Please give back, word for word, only the lines starting at the one containing "Milky white and" and ending at the one containing "Topsoil Scoop in" within the material below.

- - -

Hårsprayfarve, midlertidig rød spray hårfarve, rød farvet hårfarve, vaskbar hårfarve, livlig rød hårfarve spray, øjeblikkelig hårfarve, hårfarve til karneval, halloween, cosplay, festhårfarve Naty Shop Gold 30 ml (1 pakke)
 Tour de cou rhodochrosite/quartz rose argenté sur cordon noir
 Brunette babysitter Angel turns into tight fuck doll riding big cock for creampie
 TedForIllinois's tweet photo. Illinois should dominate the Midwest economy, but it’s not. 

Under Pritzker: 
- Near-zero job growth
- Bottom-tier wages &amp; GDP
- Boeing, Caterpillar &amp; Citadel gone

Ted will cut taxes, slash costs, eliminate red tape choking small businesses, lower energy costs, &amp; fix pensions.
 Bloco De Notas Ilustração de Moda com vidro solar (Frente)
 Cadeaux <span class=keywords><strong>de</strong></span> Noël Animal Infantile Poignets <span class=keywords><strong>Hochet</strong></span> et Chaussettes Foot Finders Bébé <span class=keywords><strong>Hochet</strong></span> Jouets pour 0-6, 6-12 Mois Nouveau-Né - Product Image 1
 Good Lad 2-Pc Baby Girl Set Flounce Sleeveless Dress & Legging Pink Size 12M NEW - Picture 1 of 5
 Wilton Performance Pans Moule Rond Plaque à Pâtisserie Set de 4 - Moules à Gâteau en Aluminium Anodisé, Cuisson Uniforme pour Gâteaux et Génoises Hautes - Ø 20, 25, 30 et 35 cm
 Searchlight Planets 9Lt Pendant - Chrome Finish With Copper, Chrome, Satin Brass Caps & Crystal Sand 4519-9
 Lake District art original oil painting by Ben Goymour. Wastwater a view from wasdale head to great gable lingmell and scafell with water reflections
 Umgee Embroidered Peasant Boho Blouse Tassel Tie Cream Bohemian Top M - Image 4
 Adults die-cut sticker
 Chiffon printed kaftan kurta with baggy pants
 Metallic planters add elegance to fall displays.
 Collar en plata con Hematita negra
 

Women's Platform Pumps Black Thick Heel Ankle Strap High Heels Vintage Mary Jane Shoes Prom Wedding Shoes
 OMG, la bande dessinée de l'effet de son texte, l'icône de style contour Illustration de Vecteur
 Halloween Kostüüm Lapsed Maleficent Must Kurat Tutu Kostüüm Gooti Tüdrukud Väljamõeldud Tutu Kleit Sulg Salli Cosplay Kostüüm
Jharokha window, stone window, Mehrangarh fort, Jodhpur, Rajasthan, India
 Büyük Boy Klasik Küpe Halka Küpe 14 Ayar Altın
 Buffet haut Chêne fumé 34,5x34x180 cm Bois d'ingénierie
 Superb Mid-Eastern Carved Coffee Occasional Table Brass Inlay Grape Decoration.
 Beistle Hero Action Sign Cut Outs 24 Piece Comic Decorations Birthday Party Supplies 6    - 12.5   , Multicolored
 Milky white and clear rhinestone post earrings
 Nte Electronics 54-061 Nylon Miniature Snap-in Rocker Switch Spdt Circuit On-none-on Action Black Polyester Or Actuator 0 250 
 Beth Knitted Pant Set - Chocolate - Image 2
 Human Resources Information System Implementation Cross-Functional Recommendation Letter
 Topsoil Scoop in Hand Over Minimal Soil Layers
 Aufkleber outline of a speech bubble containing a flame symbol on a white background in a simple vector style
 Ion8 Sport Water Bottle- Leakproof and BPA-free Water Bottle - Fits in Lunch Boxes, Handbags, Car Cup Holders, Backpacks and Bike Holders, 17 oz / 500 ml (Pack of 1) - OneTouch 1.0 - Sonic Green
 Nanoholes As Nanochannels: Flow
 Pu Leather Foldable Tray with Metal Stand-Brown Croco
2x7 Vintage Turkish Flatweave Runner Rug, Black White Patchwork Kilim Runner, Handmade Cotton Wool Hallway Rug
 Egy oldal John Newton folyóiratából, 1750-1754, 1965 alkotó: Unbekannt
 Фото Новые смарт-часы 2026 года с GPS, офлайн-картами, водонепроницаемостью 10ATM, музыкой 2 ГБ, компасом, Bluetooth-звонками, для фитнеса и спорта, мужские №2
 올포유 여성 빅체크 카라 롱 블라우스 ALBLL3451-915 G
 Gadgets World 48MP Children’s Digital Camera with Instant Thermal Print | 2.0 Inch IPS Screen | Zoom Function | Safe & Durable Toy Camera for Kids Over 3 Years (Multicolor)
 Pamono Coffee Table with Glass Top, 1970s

- - -

**Solution to the problem:**
 Milky white and clear rhinestone post earrings
 Nte Electronics 54-061 Nylon Miniature Snap-in Rocker Switch Spdt Circuit On-none-on Action Black Polyester Or Actuator 0 250 
 Beth Knitted Pant Set - Chocolate - Image 2
 Human Resources Information System Implementation Cross-Functional Recommendation Letter
 Topsoil Scoop in Hand Over Minimal Soil Layers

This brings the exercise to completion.